Thursday, 14 November 2013

Patient‐held clinical information for people with psychotic illnesses

User‐held information is where the ill person holds personal information about their care. Such records are becoming the norm in many settings and are becoming more popular with patients. This is especially the case where the person concerned is not in hospital and receives care from more than one professional. Providing people with information about their care is thought to increase their feelings of involvement in their treatment and aims to increase people’s satisfaction and participation with services, ensure early treatment and prevent hospital admission.

The value of user‐held personal information for those with severe mental illnesses is not known however and research evaluating the effectiveness is rare. Some research suggests that while many people decline the offer of a user‐held record, the majority of those who carry their records report this to be useful.

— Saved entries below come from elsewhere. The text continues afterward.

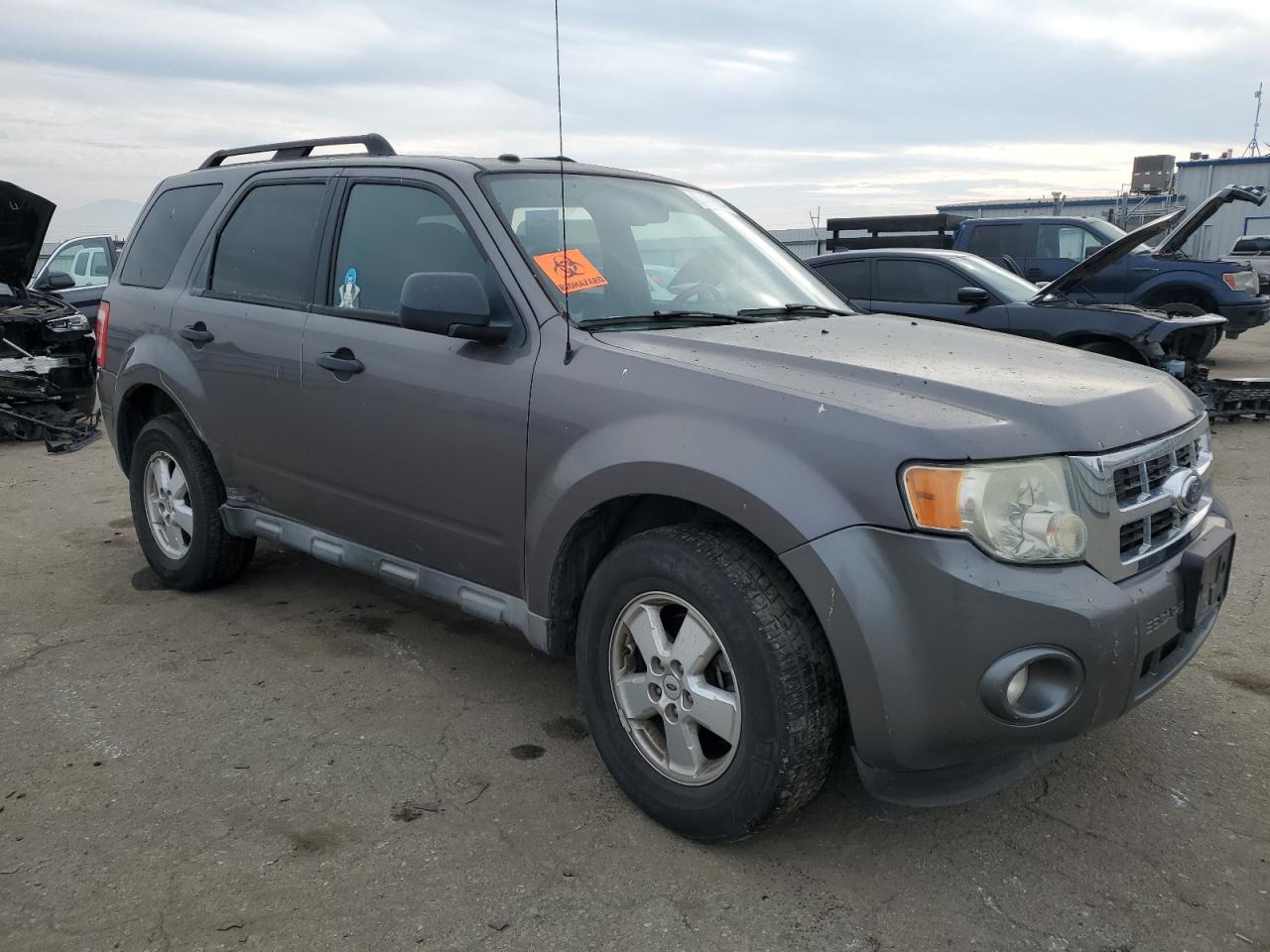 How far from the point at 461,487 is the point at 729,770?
122 cm

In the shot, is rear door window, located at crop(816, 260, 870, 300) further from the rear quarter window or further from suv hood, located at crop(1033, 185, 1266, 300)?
the rear quarter window

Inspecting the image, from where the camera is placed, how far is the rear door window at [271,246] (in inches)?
152

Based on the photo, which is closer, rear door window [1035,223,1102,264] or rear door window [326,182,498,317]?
rear door window [326,182,498,317]

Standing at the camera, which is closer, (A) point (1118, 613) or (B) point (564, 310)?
(A) point (1118, 613)

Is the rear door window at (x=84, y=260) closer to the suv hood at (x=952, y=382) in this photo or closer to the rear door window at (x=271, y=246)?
the rear door window at (x=271, y=246)

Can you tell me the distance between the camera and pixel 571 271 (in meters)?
3.17

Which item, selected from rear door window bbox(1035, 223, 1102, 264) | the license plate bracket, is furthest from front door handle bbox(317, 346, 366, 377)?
rear door window bbox(1035, 223, 1102, 264)

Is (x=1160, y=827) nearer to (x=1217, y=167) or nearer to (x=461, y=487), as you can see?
(x=461, y=487)

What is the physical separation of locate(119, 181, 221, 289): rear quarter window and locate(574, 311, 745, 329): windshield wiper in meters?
2.31

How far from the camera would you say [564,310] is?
3031mm

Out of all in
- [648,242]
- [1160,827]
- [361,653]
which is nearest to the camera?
[1160,827]

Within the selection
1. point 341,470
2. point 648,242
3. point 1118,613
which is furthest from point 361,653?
point 1118,613

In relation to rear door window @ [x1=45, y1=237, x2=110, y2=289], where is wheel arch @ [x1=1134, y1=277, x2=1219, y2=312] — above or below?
below

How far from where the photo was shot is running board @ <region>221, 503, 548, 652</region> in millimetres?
3133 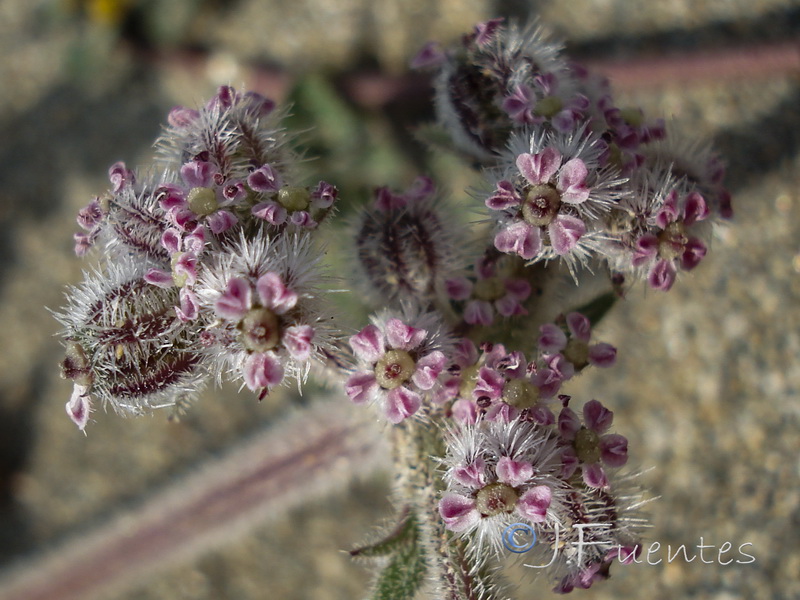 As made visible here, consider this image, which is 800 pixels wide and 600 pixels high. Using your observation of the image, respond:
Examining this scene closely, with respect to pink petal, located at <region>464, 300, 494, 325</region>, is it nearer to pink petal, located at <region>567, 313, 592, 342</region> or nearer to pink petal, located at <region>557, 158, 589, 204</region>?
pink petal, located at <region>567, 313, 592, 342</region>

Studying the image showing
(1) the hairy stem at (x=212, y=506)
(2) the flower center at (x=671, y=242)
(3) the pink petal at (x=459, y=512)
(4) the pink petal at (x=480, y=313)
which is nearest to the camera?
(3) the pink petal at (x=459, y=512)

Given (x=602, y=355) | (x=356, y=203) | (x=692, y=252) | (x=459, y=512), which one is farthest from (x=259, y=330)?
(x=356, y=203)

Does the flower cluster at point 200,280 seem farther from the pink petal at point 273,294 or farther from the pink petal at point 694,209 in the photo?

Based on a search in 2011, this review includes four trials with a total of 607 people and evaluates the effects of user‐held information for people with severe mental illness. In the main, the number of relevant studies is low, with poor reporting of some outcomes. Based on moderate quality evidence, the review found that user‐held information did not decrease hospital admissions, and did not decrease compulsory admissions or encourage people with severe mental illness to attend appointments (when compared to treatment as usual). Other important outcomes, such as satisfaction with care, costs and effect on mental health, were not available due to the limited quality of the four studies. There is therefore a gap in knowledge and evidence regarding user‐held information for people with severe mental health problems. Further evidence is also required on the different types of user‐held information (for example, if it involves the mental health team and what type of information is included in the record). Large‐scale, well‐conducted and well‐reported studies are required to assess the effects of user‐held information for people with mental illness. Two important randomised studies are currently taking place. For the present, despite a gap in evidence, user‐held information is low cost and acceptable to patients, so its use is likely to grow. However, it cannot be assumed that user‐held information is of benefit to people and is cost‐effective without further large‐scale, well‐conducted and well‐reported trials.